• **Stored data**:
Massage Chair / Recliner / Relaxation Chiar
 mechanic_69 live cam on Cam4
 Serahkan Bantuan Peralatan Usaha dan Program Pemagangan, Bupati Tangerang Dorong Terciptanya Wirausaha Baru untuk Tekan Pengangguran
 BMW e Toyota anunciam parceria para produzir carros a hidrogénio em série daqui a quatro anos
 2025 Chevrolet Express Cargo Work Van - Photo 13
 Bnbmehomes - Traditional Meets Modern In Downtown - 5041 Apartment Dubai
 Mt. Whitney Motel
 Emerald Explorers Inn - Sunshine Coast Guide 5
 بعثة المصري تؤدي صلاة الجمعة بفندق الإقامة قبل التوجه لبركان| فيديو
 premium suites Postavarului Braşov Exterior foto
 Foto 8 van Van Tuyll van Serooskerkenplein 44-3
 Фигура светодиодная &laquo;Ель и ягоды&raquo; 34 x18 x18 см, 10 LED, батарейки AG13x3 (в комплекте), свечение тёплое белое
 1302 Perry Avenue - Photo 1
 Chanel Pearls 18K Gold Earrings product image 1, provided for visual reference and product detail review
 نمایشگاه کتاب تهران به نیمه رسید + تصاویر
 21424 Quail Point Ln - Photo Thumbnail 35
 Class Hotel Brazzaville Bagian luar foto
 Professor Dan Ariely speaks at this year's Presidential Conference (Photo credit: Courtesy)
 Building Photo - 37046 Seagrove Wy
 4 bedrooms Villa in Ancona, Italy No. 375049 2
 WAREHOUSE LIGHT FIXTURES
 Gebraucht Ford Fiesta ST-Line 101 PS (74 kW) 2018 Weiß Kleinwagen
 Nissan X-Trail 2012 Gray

• **Assignment**: Using the entries above, please restate each one word for word.

• **Result of this task**:
Massage Chair / Recliner / Relaxation Chiar
 mechanic_69 live cam on Cam4
 Serahkan Bantuan Peralatan Usaha dan Program Pemagangan, Bupati Tangerang Dorong Terciptanya Wirausaha Baru untuk Tekan Pengangguran
 BMW e Toyota anunciam parceria para produzir carros a hidrogénio em série daqui a quatro anos
 2025 Chevrolet Express Cargo Work Van - Photo 13
 Bnbmehomes - Traditional Meets Modern In Downtown - 5041 Apartment Dubai
 Mt. Whitney Motel
 Emerald Explorers Inn - Sunshine Coast Guide 5
 بعثة المصري تؤدي صلاة الجمعة بفندق الإقامة قبل التوجه لبركان| فيديو
 premium suites Postavarului Braşov Exterior foto
 Foto 8 van Van Tuyll van Serooskerkenplein 44-3
 Фигура светодиодная &laquo;Ель и ягоды&raquo; 34 x18 x18 см, 10 LED, батарейки AG13x3 (в комплекте), свечение тёплое белое
 1302 Perry Avenue - Photo 1
 Chanel Pearls 18K Gold Earrings product image 1, provided for visual reference and product detail review
 نمایشگاه کتاب تهران به نیمه رسید + تصاویر
 21424 Quail Point Ln - Photo Thumbnail 35
 Class Hotel Brazzaville Bagian luar foto
 Professor Dan Ariely speaks at this year's Presidential Conference (Photo credit: Courtesy)
 Building Photo - 37046 Seagrove Wy
 4 bedrooms Villa in Ancona, Italy No. 375049 2
 WAREHOUSE LIGHT FIXTURES
 Gebraucht Ford Fiesta ST-Line 101 PS (74 kW) 2018 Weiß Kleinwagen
 Nissan X-Trail 2012 Gray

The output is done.